WINNIPEG — A movement is calling for the cancellation of all Canada Day celebrations in the wake of the discoveries of unmarked graves at former residential school sites.
Gerry Shingoose, a residential school survivor, took to Twitter to call out the celebrations earlier in June.
“I’m asking that you wake up,” Shingoose, who was wearing a shirt reading ‘CancelCanadaDay,’ said in a video posted to social media.
“I’m going to be wearing it on Canada Day. It’s Cancel Canada (Day) and no pride in genocide.”
Cities in New Brunswick have cancelled plans and earlier this month Victoria did the same.
In Manitoba, the Shamattawa First Nation is going one step further.
“I don’t think this year is a year to celebrate,” said Shamattawa Chief Eric Redhead.
Redhead said his community will not celebrate Canada Day, as a way to honour the children who never made it home from the residential schools. All Canadian flags in the community have been taken down.
“Those flags that we’ve taken down will not go back up as long as I’m Chief—until the government recognizes the residential school system as an act of genocide.”
Prime Minister Justin Trudeau spoke about Canada Day Friday.
“I think all of us need to aspire and work hard to get to the point where everyone across this country will be able to celebrate fully,” said Trudeau.
Premier Brian Pallister said people should dedicate themselves to reconciliation, but not by stopping Canada Day festivities.

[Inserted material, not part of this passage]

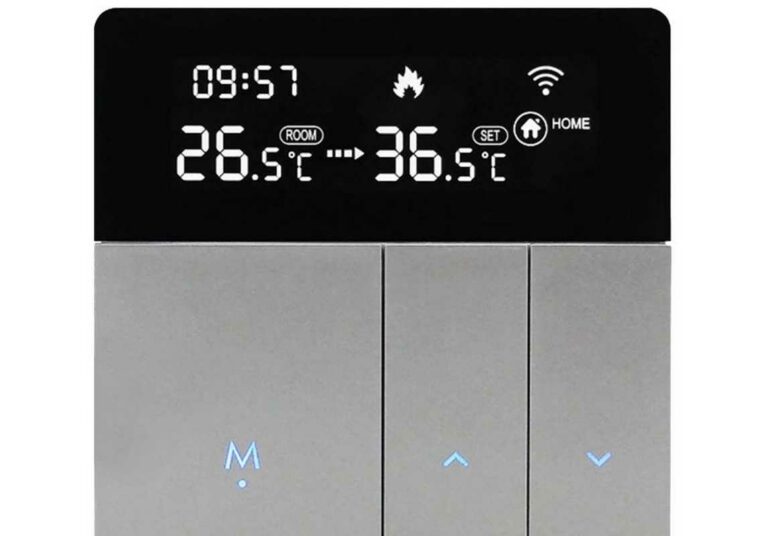 smart θερμοστάτης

“I don’t think denying Canada Day celebrations is a respectful way for us to move forward,” Pallister said. “I think we should celebrate our country but celebrate it with its warts too.”
Winnipeg Mayor Brian Bowman said he will celebrate Canada Day with his family, but not without reflection.
“I’ll also be taking a moment to pause and reflect on how we can strengthen our community and live up to those ideals that we all hold dear,” said Bowman.